Velvet Assembly¶

Velvet was one of the first de novo genomic assemblers specially designed for short read sequencing technologies. It was developed by Daniel Zerbino and Ewan Birney at the European Bioinformatics Institute (EMBL-EBI). Velvet currently takes in short read sequences, removes errors then produces high quality unique contigs. It then uses paired-end read and long read information, when available, to retrieve the repeated areas between contigs. See the Velvet home page for more info.

Step 1: velveth¶

velveth takes in a number of sequence files, produces a hashtable, then outputs two files in an output directory (creating it if necessary), Sequences and Roadmaps, which are necessary for running velvetg in the next step.

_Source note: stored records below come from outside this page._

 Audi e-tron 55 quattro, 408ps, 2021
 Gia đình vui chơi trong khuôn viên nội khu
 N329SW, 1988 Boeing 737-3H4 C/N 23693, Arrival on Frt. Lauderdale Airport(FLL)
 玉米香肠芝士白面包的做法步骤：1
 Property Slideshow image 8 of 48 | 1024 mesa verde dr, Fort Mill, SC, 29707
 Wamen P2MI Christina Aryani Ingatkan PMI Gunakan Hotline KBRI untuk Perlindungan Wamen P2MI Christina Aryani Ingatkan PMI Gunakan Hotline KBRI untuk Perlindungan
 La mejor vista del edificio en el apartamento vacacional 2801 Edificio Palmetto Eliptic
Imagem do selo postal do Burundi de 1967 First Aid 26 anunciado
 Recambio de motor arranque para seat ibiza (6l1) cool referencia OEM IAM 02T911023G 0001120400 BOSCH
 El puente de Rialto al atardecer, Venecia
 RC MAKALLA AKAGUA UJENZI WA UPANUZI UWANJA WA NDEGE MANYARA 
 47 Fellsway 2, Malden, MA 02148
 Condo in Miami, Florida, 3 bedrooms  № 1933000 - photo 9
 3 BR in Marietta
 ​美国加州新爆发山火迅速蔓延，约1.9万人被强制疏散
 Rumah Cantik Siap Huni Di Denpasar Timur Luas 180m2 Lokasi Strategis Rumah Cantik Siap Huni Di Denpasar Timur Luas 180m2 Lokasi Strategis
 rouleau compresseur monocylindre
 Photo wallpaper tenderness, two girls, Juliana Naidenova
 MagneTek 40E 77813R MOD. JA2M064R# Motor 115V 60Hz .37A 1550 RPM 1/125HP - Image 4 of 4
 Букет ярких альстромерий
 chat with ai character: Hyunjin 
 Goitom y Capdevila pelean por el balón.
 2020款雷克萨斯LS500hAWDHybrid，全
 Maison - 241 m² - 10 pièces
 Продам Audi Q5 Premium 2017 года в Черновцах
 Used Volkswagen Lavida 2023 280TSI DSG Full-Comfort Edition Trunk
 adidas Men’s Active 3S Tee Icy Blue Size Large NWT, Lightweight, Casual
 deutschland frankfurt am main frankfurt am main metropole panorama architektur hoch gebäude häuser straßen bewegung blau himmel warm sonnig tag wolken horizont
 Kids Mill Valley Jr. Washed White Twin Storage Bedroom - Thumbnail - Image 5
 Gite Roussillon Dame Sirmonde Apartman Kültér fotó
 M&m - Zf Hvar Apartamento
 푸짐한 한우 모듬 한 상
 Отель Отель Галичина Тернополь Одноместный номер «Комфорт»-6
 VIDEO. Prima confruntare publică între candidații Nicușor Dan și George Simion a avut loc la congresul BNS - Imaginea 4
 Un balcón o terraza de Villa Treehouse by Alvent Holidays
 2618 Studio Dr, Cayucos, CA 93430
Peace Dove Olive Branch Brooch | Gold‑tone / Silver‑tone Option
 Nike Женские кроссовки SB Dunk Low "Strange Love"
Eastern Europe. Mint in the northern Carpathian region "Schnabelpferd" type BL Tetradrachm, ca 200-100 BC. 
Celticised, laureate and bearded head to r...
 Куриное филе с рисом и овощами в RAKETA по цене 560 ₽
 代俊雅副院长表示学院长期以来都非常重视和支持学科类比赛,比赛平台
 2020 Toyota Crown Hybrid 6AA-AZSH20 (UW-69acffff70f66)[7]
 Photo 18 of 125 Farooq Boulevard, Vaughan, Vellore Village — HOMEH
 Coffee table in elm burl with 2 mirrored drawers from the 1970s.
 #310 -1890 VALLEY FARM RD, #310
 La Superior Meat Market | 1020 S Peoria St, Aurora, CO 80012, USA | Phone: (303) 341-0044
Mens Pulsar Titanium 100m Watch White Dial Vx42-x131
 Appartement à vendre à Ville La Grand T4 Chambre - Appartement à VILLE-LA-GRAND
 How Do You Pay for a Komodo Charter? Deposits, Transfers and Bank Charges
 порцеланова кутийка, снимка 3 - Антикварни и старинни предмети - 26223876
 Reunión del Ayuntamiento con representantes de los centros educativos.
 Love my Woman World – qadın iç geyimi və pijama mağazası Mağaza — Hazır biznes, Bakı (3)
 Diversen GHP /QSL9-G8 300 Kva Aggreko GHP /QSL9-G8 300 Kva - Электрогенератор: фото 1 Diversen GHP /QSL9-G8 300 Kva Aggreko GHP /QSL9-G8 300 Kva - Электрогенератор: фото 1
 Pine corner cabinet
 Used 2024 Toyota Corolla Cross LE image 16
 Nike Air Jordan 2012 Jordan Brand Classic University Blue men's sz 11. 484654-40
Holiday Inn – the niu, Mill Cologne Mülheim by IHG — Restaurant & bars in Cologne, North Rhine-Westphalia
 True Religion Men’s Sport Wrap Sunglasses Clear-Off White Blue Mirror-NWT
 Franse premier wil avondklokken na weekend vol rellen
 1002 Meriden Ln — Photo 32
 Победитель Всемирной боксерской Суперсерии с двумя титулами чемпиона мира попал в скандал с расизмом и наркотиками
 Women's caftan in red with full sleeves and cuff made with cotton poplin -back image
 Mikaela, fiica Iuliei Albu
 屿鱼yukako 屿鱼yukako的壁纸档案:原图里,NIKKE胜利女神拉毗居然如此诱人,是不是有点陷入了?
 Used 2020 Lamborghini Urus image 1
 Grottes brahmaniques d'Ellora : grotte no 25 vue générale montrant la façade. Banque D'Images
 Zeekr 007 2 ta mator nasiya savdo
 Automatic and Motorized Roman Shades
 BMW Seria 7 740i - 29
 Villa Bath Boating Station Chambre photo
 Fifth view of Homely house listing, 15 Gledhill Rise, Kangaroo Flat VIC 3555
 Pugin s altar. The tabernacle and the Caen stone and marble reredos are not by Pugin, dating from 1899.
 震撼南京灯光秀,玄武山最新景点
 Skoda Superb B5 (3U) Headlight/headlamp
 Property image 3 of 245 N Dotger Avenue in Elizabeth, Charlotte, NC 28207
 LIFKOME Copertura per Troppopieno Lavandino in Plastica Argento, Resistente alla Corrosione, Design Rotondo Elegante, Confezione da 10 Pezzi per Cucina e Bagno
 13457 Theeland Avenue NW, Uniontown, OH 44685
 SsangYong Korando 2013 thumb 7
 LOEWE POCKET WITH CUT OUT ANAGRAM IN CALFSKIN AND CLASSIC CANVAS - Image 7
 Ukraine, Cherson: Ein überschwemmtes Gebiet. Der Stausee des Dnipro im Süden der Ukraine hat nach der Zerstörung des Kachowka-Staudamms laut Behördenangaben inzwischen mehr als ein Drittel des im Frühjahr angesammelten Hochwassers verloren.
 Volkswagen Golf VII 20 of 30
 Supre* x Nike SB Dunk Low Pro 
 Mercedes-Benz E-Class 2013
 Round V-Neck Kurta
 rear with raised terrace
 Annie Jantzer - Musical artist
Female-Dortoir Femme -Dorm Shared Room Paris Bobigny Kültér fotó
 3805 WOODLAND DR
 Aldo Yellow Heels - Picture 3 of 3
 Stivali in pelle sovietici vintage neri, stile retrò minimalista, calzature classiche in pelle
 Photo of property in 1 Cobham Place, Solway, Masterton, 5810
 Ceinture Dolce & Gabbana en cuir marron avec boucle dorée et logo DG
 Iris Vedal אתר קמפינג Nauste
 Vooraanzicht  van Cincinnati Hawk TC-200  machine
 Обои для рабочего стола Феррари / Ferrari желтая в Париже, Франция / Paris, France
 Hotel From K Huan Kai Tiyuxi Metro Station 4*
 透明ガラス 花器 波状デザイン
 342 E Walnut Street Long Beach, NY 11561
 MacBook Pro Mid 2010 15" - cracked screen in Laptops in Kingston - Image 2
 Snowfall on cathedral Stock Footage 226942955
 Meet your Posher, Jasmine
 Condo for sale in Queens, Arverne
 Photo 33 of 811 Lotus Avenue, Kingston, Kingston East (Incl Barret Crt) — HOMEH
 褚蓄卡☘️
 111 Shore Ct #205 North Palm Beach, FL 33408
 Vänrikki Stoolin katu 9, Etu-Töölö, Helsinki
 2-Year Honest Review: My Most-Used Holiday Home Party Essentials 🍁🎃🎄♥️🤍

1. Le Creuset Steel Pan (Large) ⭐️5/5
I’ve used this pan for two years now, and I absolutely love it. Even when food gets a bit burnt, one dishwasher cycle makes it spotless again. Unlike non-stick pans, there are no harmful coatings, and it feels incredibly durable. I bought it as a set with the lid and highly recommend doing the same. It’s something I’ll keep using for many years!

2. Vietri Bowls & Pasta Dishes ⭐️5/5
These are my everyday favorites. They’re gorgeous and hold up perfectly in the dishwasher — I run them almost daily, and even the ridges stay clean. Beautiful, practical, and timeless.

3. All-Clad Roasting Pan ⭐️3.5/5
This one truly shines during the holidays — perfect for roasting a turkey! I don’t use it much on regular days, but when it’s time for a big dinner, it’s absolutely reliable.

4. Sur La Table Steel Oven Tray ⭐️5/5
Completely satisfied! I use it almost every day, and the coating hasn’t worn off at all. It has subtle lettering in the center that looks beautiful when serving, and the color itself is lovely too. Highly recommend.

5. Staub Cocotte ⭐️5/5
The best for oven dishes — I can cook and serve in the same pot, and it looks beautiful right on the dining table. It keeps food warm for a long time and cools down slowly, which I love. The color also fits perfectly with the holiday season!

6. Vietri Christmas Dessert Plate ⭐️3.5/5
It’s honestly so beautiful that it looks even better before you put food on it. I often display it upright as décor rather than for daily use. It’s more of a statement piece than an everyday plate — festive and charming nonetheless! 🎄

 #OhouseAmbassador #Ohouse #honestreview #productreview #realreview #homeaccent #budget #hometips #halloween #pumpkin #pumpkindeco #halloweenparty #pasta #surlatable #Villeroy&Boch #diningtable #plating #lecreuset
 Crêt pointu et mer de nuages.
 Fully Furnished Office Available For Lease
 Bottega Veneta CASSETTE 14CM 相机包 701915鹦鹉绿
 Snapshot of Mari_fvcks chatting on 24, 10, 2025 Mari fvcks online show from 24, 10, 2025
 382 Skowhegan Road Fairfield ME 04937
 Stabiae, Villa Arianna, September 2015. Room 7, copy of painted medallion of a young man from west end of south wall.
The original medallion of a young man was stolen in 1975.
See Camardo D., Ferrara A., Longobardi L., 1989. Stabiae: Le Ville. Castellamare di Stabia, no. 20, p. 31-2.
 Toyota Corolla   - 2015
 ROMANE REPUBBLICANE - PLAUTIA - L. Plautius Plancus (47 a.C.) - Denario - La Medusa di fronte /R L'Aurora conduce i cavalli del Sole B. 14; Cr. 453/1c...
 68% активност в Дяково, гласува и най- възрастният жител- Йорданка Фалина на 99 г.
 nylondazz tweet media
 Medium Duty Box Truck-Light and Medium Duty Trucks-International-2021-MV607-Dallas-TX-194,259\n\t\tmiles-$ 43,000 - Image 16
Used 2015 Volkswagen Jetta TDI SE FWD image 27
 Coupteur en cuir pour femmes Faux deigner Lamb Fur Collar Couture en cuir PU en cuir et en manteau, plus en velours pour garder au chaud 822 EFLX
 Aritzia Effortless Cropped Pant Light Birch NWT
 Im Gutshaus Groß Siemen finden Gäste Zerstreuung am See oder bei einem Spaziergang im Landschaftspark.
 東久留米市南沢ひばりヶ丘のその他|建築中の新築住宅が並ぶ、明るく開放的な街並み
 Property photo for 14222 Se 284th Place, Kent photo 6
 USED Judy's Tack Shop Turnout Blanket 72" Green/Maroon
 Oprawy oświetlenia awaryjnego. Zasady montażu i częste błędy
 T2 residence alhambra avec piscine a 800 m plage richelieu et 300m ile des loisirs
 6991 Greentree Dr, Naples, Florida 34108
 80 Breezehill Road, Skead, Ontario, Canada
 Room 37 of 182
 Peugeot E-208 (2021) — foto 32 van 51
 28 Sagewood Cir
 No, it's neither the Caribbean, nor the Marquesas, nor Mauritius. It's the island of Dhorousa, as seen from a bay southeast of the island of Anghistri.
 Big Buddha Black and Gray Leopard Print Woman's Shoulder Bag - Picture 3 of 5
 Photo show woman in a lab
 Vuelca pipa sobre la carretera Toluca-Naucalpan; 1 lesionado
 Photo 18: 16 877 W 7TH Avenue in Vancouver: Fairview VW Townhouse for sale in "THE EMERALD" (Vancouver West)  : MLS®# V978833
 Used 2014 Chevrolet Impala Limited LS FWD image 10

Let’s create multiple hashtables using kmer-lengths of 31 and 51. We are going to submit the jobs to the compute cluster using qsub,asking for a machine with 24 cores (-pe multislot 24). You can check the status of your job using the command qstat:

cd ~/workdir/assembly/

qsub -cwd -pe multislot 24 -N velveth_31 -l mtc=1 -b y \
/vol/cmg/bin/velveth velvet_31 31 -shortPaired -fastq -separate read1.fq read2.fq

qsub -cwd -pe multislot 24 -N velveth_51 -l mtc=1 -b y \
/vol/cmg/bin/velveth velvet_51 51 -shortPaired -fastq -separate read1.fq read2.fq

Note: You can check the status of your job using the command qstat:

>>>statler:~/workdir/assembly>qstat
job-ID  prior   name       user         state submit/start at     queue                          slots ja-task-ID
-----------------------------------------------------------------------------------------------------------------
3888958 0.65000 velveth_31 asczyrba     r     11/21/2015 07:18:29 all.q@suc01016.CeBiTec.Uni-Bie    24
3888959 0.45213 velveth_51 asczyrba     r     11/21/2015 07:18:45 all.q@suc01003.CeBiTec.Uni-Bie    24

If you do not see your jobs using qstat anymore, they are finished. You should have two output directories for the two different kmer-lengths: velvet_31 and velvet_51.

Step 2: velvetg¶

Now we have to start the actual assembly using velvetg. velvetg is the core of Velvet where the de Bruijn graph is built then manipulated. Let’s run assemblies for both kmer-lengths. See the Velvet manual for more info about parameter settings. Again, we submit the job to the compute cluster:

qsub -cwd -pe multislot 24 -N velvetg_31 -l mtc=1 -b y \
/vol/cmg/bin/velvetg velvet_31 -cov_cutoff auto -ins_length 270 -min_contig_lgth 500 -exp_cov auto

qsub -cwd -pe multislot 24 -N velvetg_51 -l mtc=1 -b y \
/vol/cmg/bin/velvetg velvet_51 -cov_cutoff auto -ins_length 270 -min_contig_lgth 500 -exp_cov auto

The contig sequences are located in the velvet_31 and velvet_51 directories in file contigs.fa. Let’s get some very basic statistics on the contigs. The script getN50.pl reads the contig file and computes the total length of the assembly, number of contigs, N50 and largest contig size. In our example we will exclude contigs shorter than 500bp (option -s 500):

getN50.pl -s 500 -f velvet_31/contigs.fa
getN50.pl -s 500 -f velvet_51/contigs.fa

Note

Most jobs above will be started on the compute cluster using the qsub.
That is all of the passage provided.